1.Consider hiring a turnaround specialist--as either an interim manager or a consultant--to help with restructuring. An outsider often brings objectivity and a fresh point of view.
2. Analyze the extent of the problems. Is the profit picture merely ailing or is it terminally ill? Is the company's core business still financially viable?
Develop a restructuring plan and present it to the board of directors, management and employees. It may also be advisable to show the plan to certain outsiders, such as bankers and other creditors, and to major vendors.
4. Start at the top. Replace weak members of top management and the board of directors. Then reduce management layers. Unprofitable companies are often bloated with middle managers.
5. Investigate the possibility of restructuring debts or acquiring bridge loans to finance the restructuring costs.

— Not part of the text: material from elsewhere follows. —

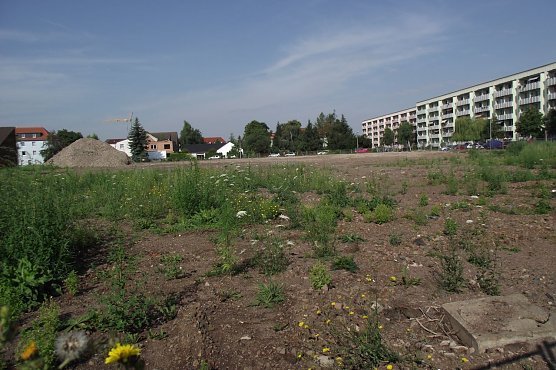So stellt sich die Fl&auml;che derzeit dar. Aber nicht mehr lange. Der Spatenstich f&uuml;r ein Senioren Wohn- und Pflegezentrum steht an und soll laut Pressesprecher demn&auml;chst erfolgen. (Foto: Kurt Frank)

6.Identify the most profitable customers. These aren't necessarily the biggest accounts. Concentrate on buyers who make few demands on the customer-service department, rarely return products and require only minimal marketing attention to prompt repeat orders.
7.Prune less-profitable product lines and increase financial and employee investment in more-profitable areas. Withdraw completely from unprofitable markets.

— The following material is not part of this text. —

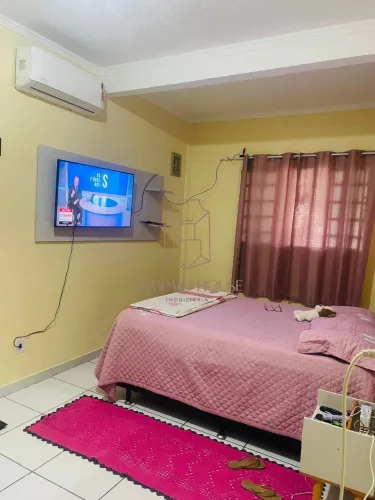 DUAS CASAS NO MESMO TERRENO À VENDA | R$ 390.000,00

8.Close some facilities to reduce overhead. Consolidate divisions to eliminate duplicate administrative functions, and/or sell off underperforming divisions of the company.
9.Lay off employees or reduce some jobs from full to part time. Although this is one of management's most painful tasks, it's often essential for improving the profit picture.
10.Outsource costly services. Paying a flat fee to have selected services performed may reduce expenditures associated with in-house employees.
11.Move part--or all--of the company to another state (or country) to obtain lower employee wages, reduced power rates and/or special tax incentives.
12.Form a partnership with another company to share administrative services or technical expertise.
13.Investigate the latest technology for streamlining operations and/or improving products. Autoresponse voice-mail programs can handle phone inquiries. Robotic production components are becoming increasingly sophisticated and cost-effective.
14.Schedule personnel meetings to deal with the questions and concerns of remaining employees. After restructuring, the company's management will need to explain new procedures and financial projections.